These are the ads often accompanied by a picture of a grotesque FATTY- alongside the new, reformed, toned body of someone with maybe the same hair colour as the "before" model.
So I thought, "hey, I could help the people!" - and have come up with some advice for those wanting to achieve a happier, thinner lifestyle:
- Stop eating BIG food. If you struggle to pick it up with your podgy piggy fingers, the portion is too large. This rule does not apply to weak midgets.
- How about not using the mobility scooter today? You don't have any other disability other than being a lazy, lard-arse.
- Want to be that person you see on the television who has to have a special coffin made because you're so huge? Thought not.

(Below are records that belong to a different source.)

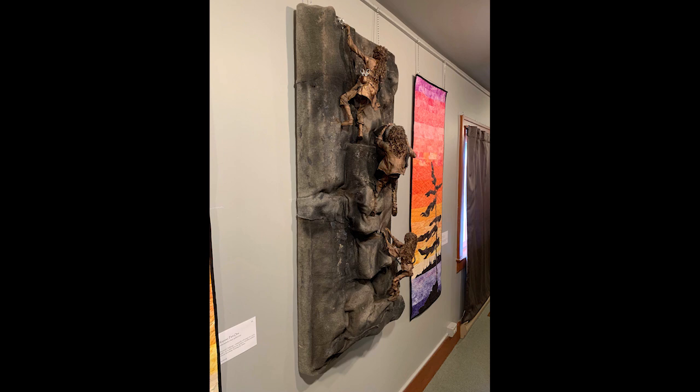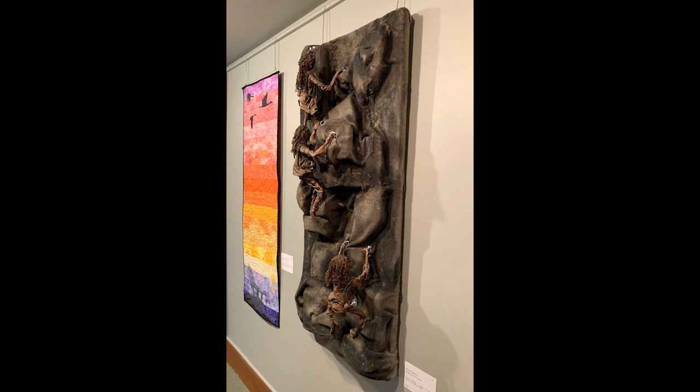Many of the details in the harnesses, the equipment, the carabiners — these were inspired by mine rescue saving.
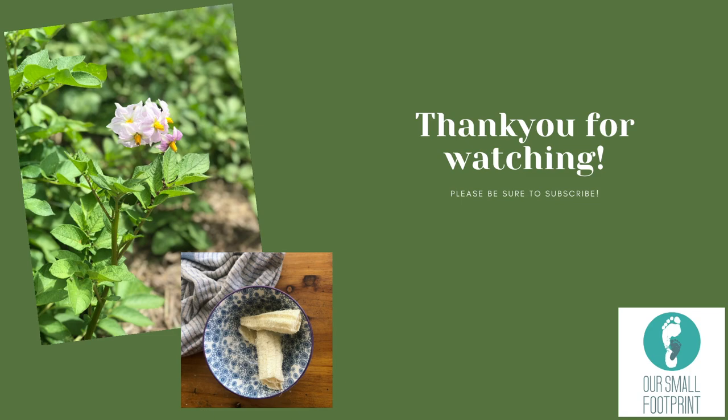Alright, that was it for today. Thank you for joining me again and I will see you tomorrow. We're still working on apples and pork and things like that, so come along and see if you're interested.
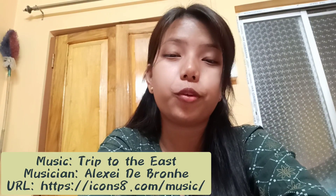Hey guys, welcome back to my YouTube channel! Today I thought we will eat rice, paratha and chutney. I will show you how to make paratha.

- Get bullied because of your weight? Great! Use this as an excuse to run from your teasers each day.
- Take out a magazine subscription to Men's Health. Look at all those thin people smiling! That could be you. Notice how none of them have crumbs on their clothes or mayo around their mouths.
- Turn off your computer for a couple of weeks. There's a place called reality where you can burn calories, meet girls and level up in life! And this isn't at your mom's house!
- Sign up for the gym. Not because you will go, but because that's money you can't spend on chocolate - you greedy bastard.
- Reward yourself with a holiday knowing you will only have to buy one seat on the plane.